Also- how the heck does she always FIND it?
Damn, you beat me to it! Screw work – I’m obviously not refreshing this thread quickly enough.
almost “constantly”
Yeah, the Invisible Plane never made sense, since you COULD SEE HER FLYING THE PLANE. But the Lasso of Truth? That was awesome. I wish I had one.
And I read a book by some horror author (John Saul, maybe? or Clive Barker?) where people could “dissolve” and time travel and/or go to other planets, except sometimes when they put themselves back together, stuff got mixed in. I remember once part where the guy had a cockroach coming out of his skull. That would suck.
How does an anemone general identify an enemy?
Abbott: “Are you an enemy?”
Costello: “No, I’m an anemone.”
Abbott: “That’s what I asked!”
Costello: “I’m not an enemy. I’m an anemone.”
Abbott: “I don’t know.”
Costello: “Third base.”
stevie – you must marry me.
I’d rather have an enemy in front of me than a frontal anenome.
Never, never, EVER doubt the power of the Bazoingas. I mean, if Superman’s poopng out, Wonder Woman can point those things in his direction, and believe me, he’ll get the shite done.
Why didn’t Superman and Wonder Woman ever get together? I mean, how cool would that have been. They could have super kids who cou;d crash through walls, fly, and swing ropes.
And there would be NO “invisible” planes.
Kid: Mom. I’m goin’ out.”
WW: “Take the plane, sweetie!
Kid: I’m NOT taking that plane, Mom.”
WW: I said, take the plane please. It’s invisible.

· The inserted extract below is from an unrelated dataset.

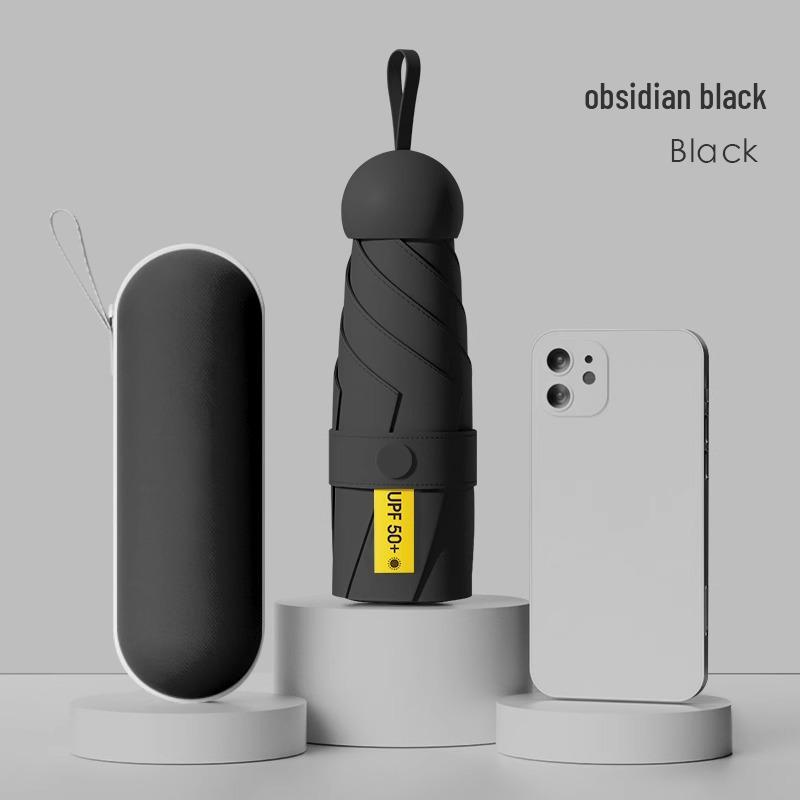 "Portable Capsule Umbrella: Compact, High-End Sunshade & Rain Protection"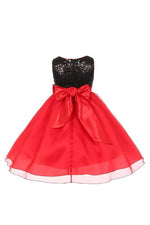 Thumbnail for Asmaani Baby Girl's Multi-Color Satin A-Line Frock (AS-DRESS_22136) - Distacart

Kid: Mom. It’s like, SOOO not invisible.
Dear George,
I love you
Alexandra
Didn’t Capelle once do a bit where WW had a criminal tied up with the lasso of truth, and all he can talk about is what great bazoingas she’s got?
Hey, Red, am I allowed to tell a dirty joke involving Wonder Woman and Superman?
Er, that’s “Chapelle”, not “Capelle”.
hahahaahahaha Poor Wonder Woman. She gets no respect.
Well, listen babe, if maybe you wore more than just a bathing suit and go-go boots … you’d get more respect as a legitimate superheroine.
And lose the plane.
Yes. Tell the joke, please.
I think they just made the plane invisible so that Superman could look up WW’s skirt.
But what Alex described is pretty much the plot of Sky High, starring Kurt Russell and Kelly Preston (whose voice I CANNOT stand, btw), along with Lynda Carter as Principal Powers.
And yes, I’ve seen it.
Kermit and Miss Piggy are in bed…phone rings..Miss Piggy picks up…”Can’t talk right now, i got a frog in my throat.”…go ahead George…
“Sky High”???
What? Huh?? What?
Please explain Lisa. Please?
Lisa –
It actually looks pretty cute.
Kelly Preston is a lunatic Scientologist. And I mean that sincerely – have you ever seen her in interviews start talking about it?? Cuckoo!!
Did you ever notice on the old TV series where Lynda Carter’s boots had high heels, except when she was running? I wonder if they were magic special boots where the heels automatically imploded whenever she had to run?
Alex – Sky HIgh is out in movie theatres right now, I believe. It’s about a superhero school for kids … right, Lisa?
How sweet is it that Kurt Russell is *still* starring in Disney movies?
emily – i definitely need boots like that.
OOOhhhh. Yeah. Okay, I’ve seen previews for that.
I’d go, but every time I see Kelly Preston, I want to punch her in the throat.
Ok, so Superman and Jimmy Olson are walking through the park when they spot Wonder Woman lying on her back, naked in the grass. They both sneak into the bushes to stare, and finally Superman says, “I can’t take it any more. I need some of that.”
Jimmy says, “Superman, you can’t do that. She’s Wonder Woman!”
Superman says, “I’ll use my super speed. She won’t be able to see me, and I’ll be gone before she knows it.”
Jimmy tries to interject, but Superman disappears in a flash before he can get say a syllable. Just as quick, Superman returns, his face flushed.
“Hurry up, let’s get out of here”, Superman says, picks up Jimmy, and hurries off back to the Fortress of Solitude.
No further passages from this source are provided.